Required action: All entries must be repeated exactly; do not include the pictures.

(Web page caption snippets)
======

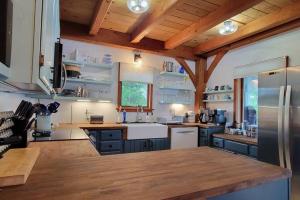 a kitchen with blue cabinets and a refrigerator at Waneta Way Cottage in Hammondsport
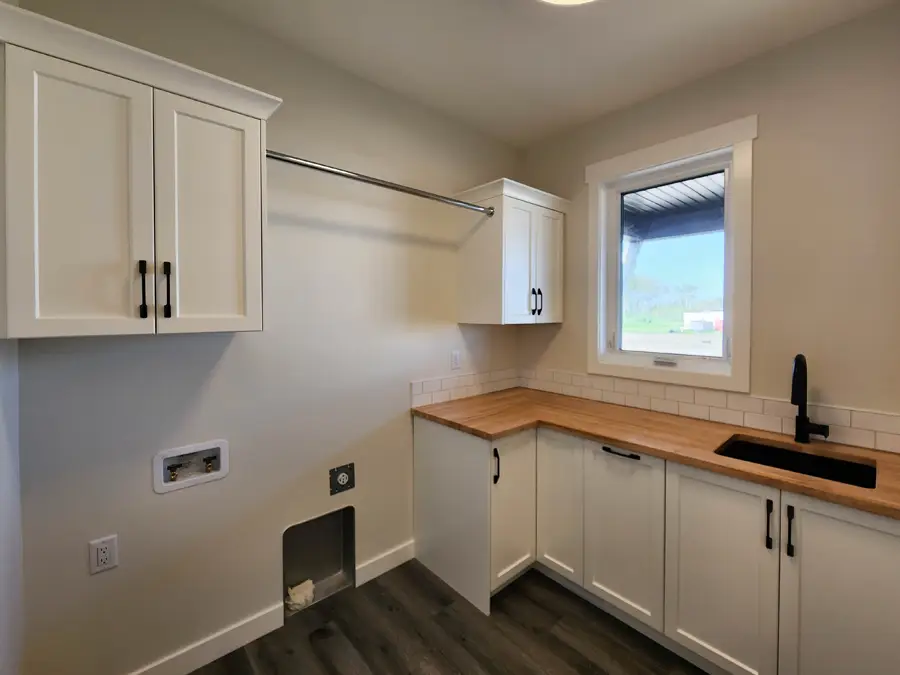 Laundry room with white cabinets, wooden countertop, and black faucet. A clothes rod is above a washer space. Large window lets in natural light.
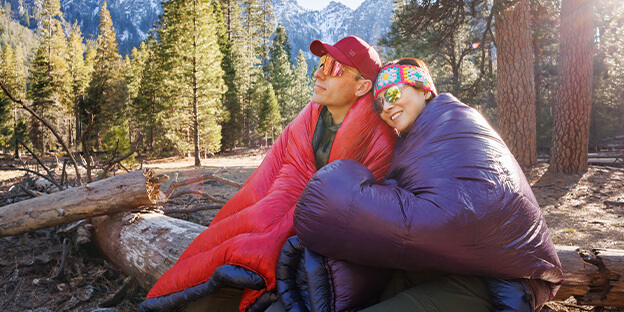 a photo of a man and a women wrapped up in re and purple sleeping quilts outside in nature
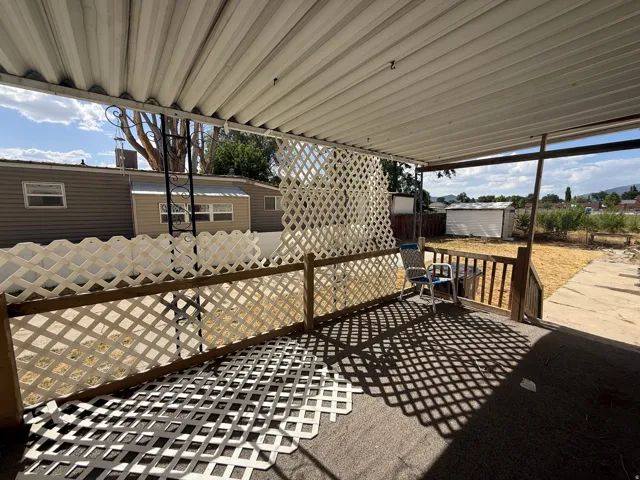 Covered outdoor patio with lattice railing, an exterior storage shed, and a concrete pathway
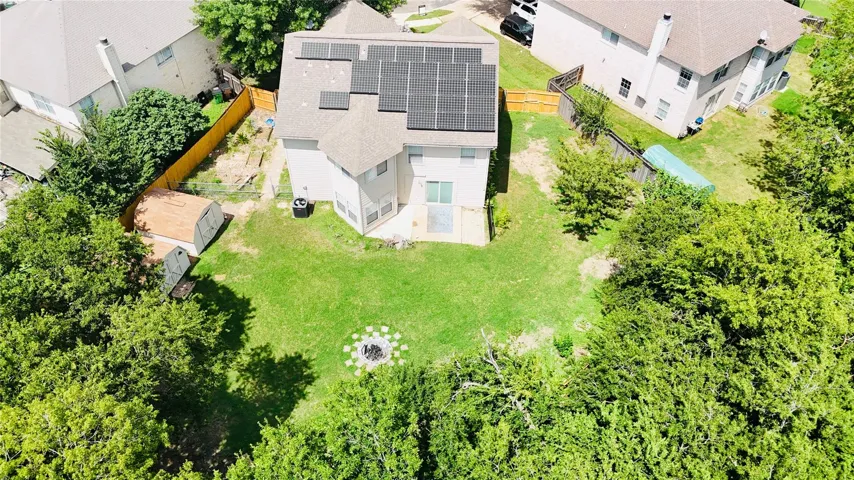 Look at how wooded the area behind the fence is...offering you fantastic privacy!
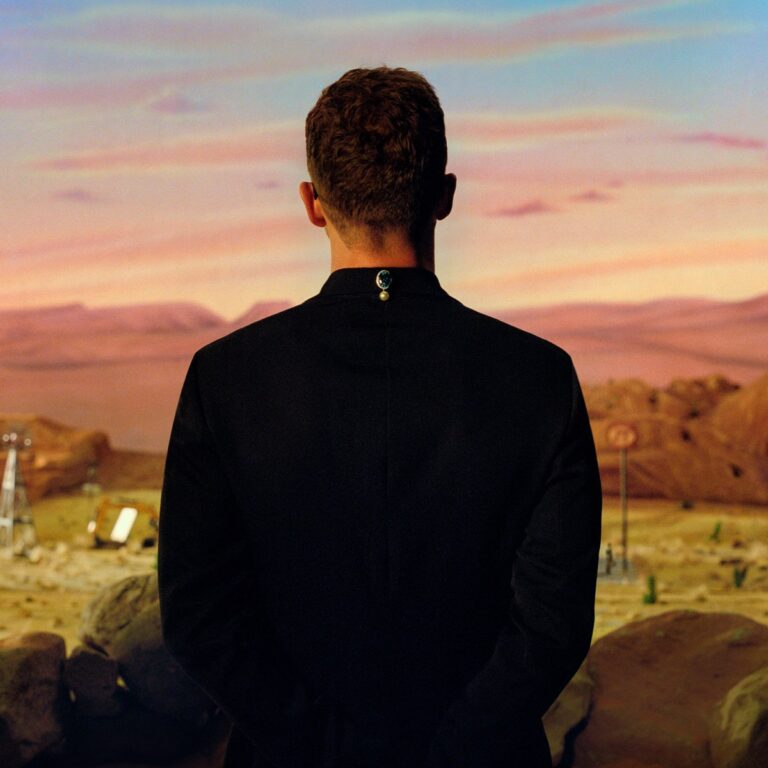 Albumcover von Justin Timberlakes „Everything I Thought It Was“ mit Rückenansicht vor surrealem Wüstenpanorama bei Sonnenuntergang.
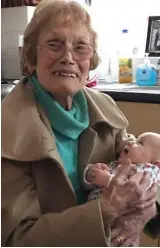  ??  ?? Kathleen with her one of her grandniece­s.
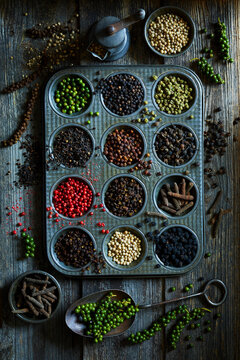 Flat lay of assorted peppercorn varieties in a vintage metal tray on rustic wood.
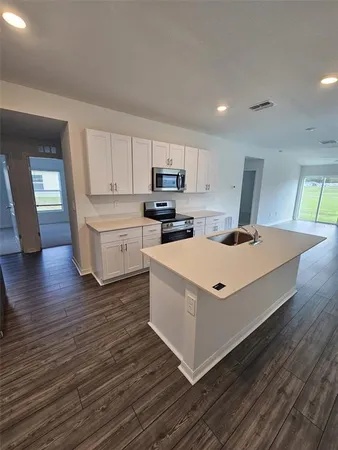 a kitchen with a stove and a refrigerator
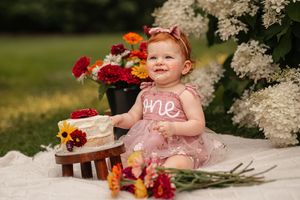Baby girl in pink dress celebrates first birthday with cake and flowers outdoors.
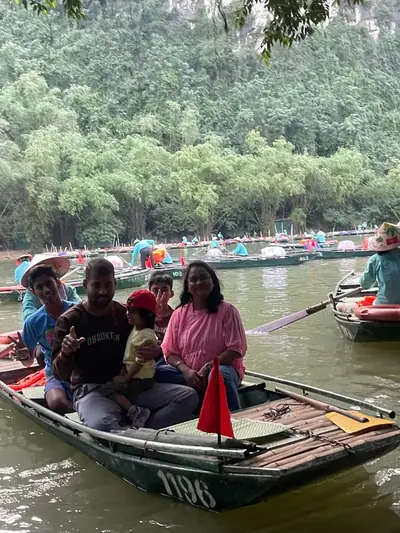 Bliss Tourism guests on tour — Rowing through Trang An, Ninh Binh, Vietnam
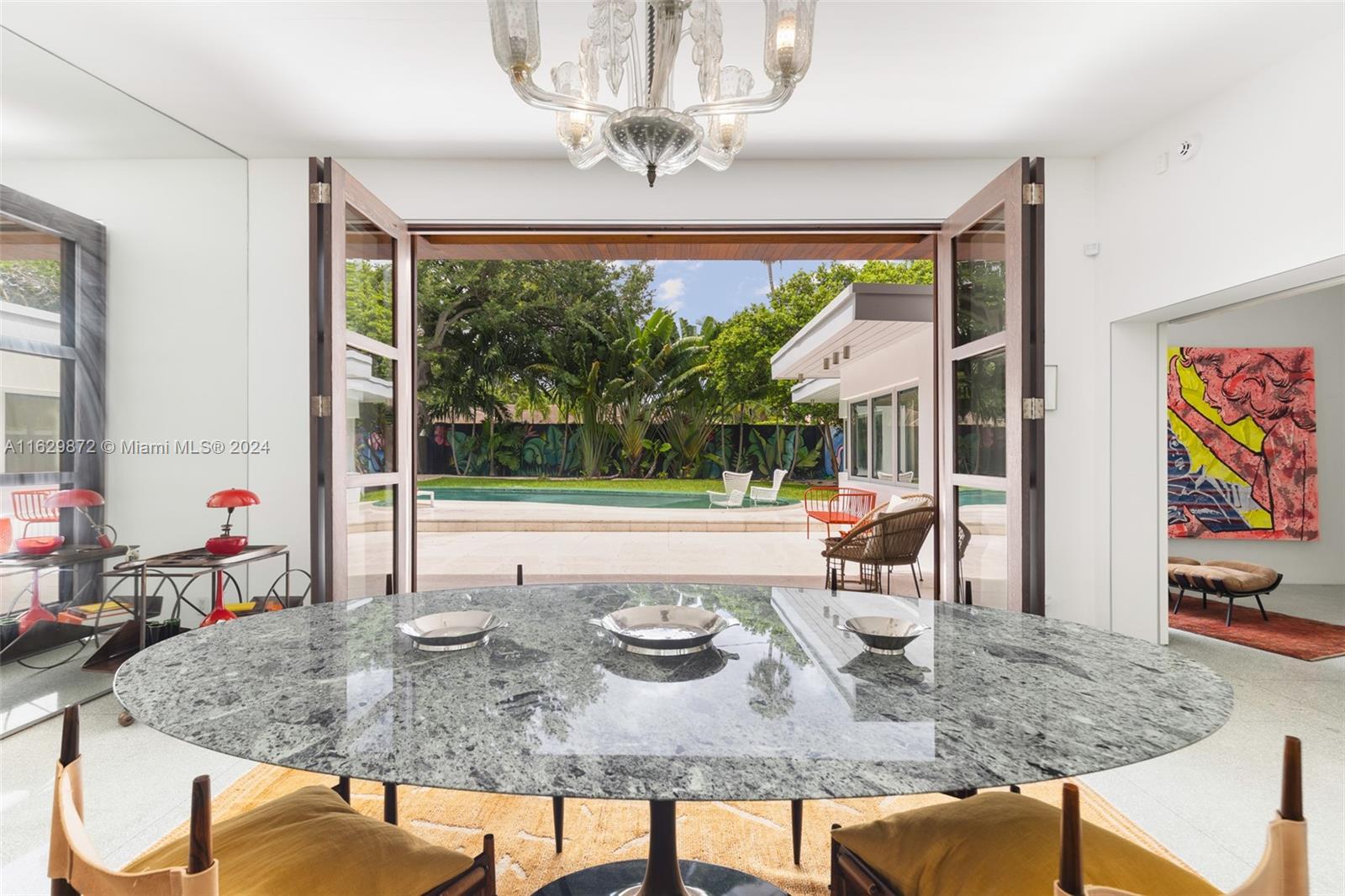 a dining table with the view of kitchen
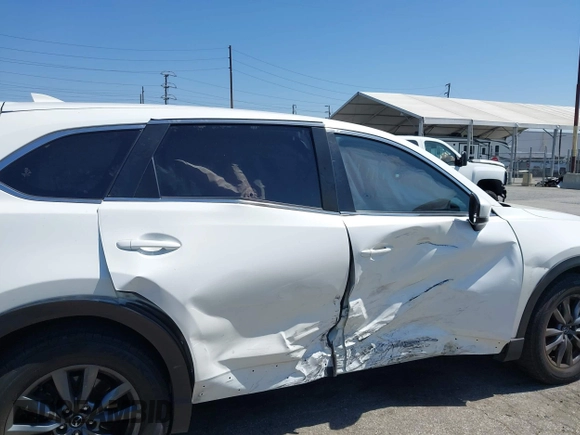 2020 Mazda CX-9 Sport with VIN JM3TCABY1L0406720, listed as a IAAI auction lot 42304144 with 75,887 mi miles and . Bid and sale history available at DreamBid. Image 6.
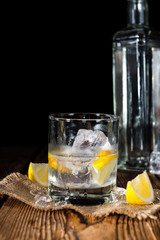 Pure Vodka (on an old wooden table)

======

Exercise solution:
 a kitchen with blue cabinets and a refrigerator at Waneta Way Cottage in Hammondsport
 Laundry room with white cabinets, wooden countertop, and black faucet. A clothes rod is above a washer space. Large window lets in natural light.
 a photo of a man and a women wrapped up in re and purple sleeping quilts outside in nature
 Covered outdoor patio with lattice railing, an exterior storage shed, and a concrete pathway
 Look at how wooded the area behind the fence is...offering you fantastic privacy!
 Albumcover von Justin Timberlakes „Everything I Thought It Was“ mit Rückenansicht vor surrealem Wüstenpanorama bei Sonnenuntergang.
  ??  ?? Kathleen with her one of her grandniece­s.
 Flat lay of assorted peppercorn varieties in a vintage metal tray on rustic wood.
 a kitchen with a stove and a refrigerator
Baby girl in pink dress celebrates first birthday with cake and flowers outdoors.
 Bliss Tourism guests on tour — Rowing through Trang An, Ninh Binh, Vietnam
 a dining table with the view of kitchen
 2020 Mazda CX-9 Sport with VIN JM3TCABY1L0406720, listed as a IAAI auction lot 42304144 with 75,887 mi miles and . Bid and sale history available at DreamBid. Image 6.
 Pure Vodka (on an old wooden table)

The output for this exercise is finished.